● **Data excerpt**
================

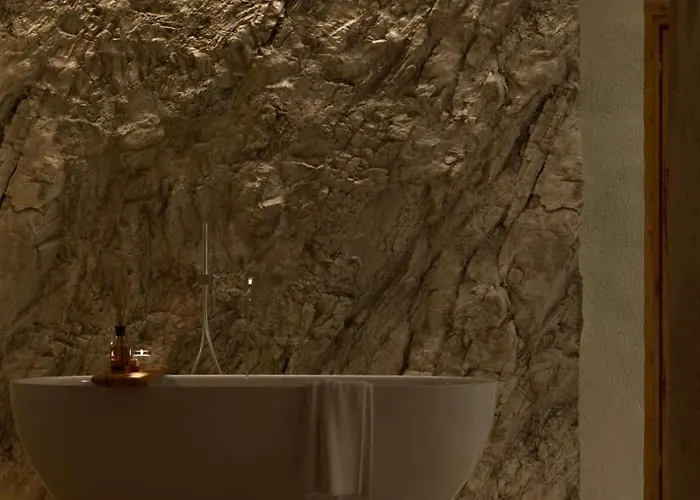 Semesterbostad Elaia Luxury House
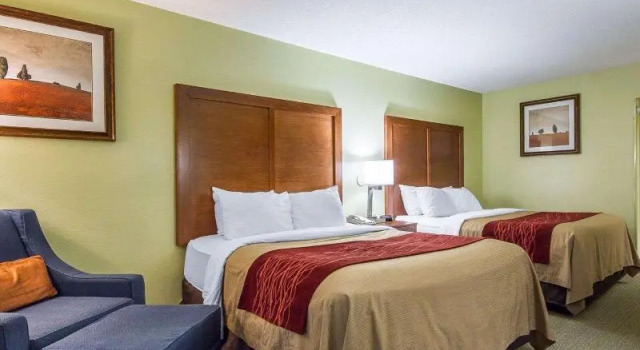 Шестиместный номер Standard Comfort Inn & Suites Black River Falls I-94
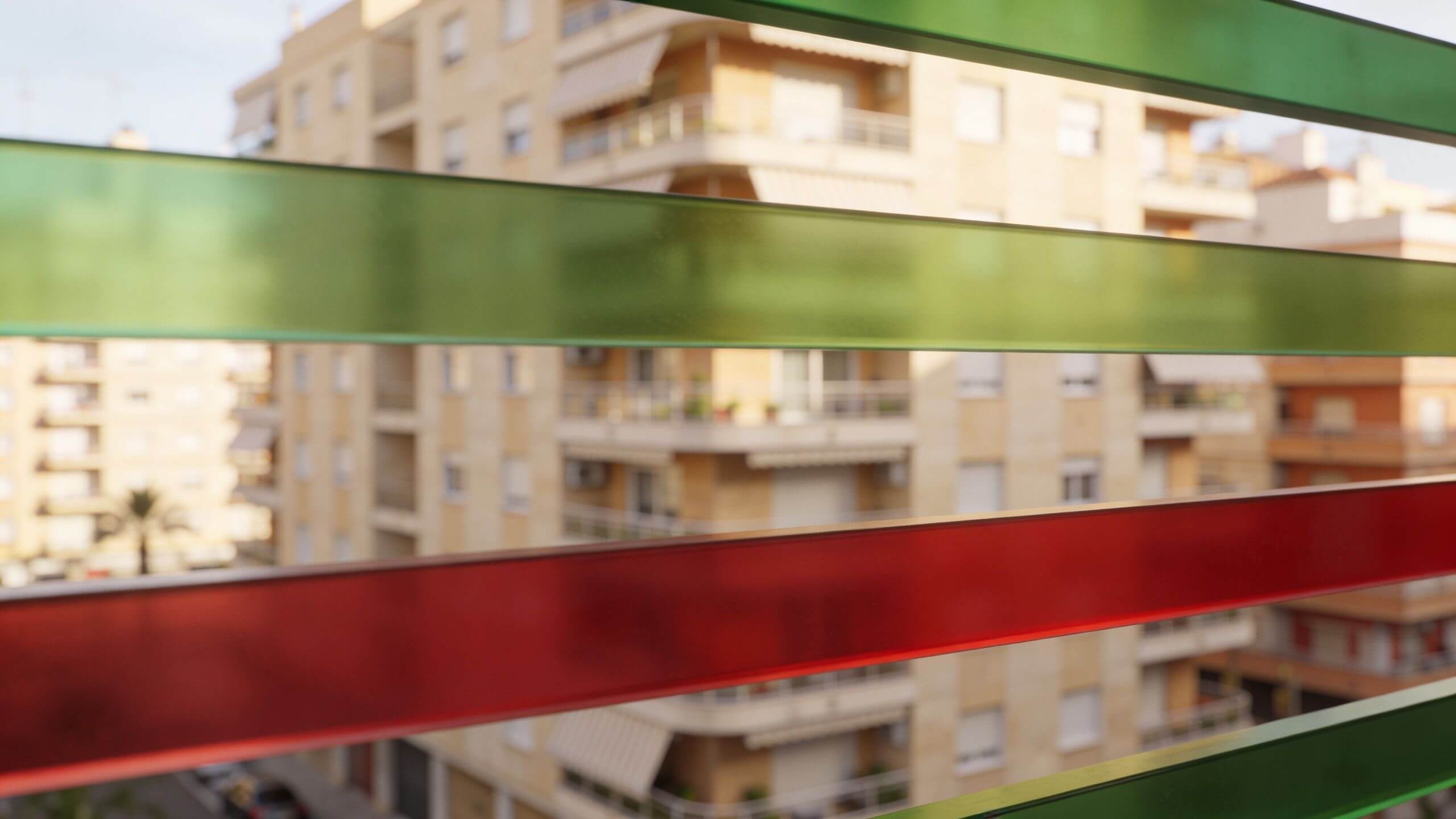 Certificados Energéticos | Aprende que es un Broker Inmobiliario y sus ventajas en 2026 Vista de un edificio residencial a través de barandillas de vidrio translúcido en tonos verde y rojo.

================

● **Goal of the exercise**
Your answer should be every line above, written out exactly, with no pictures.

● **Task result**
 Semesterbostad Elaia Luxury House
 Шестиместный номер Standard Comfort Inn & Suites Black River Falls I-94
 Certificados Energéticos | Aprende que es un Broker Inmobiliario y sus ventajas en 2026 Vista de un edificio residencial a través de barandillas de vidrio translúcido en tonos verde y rojo.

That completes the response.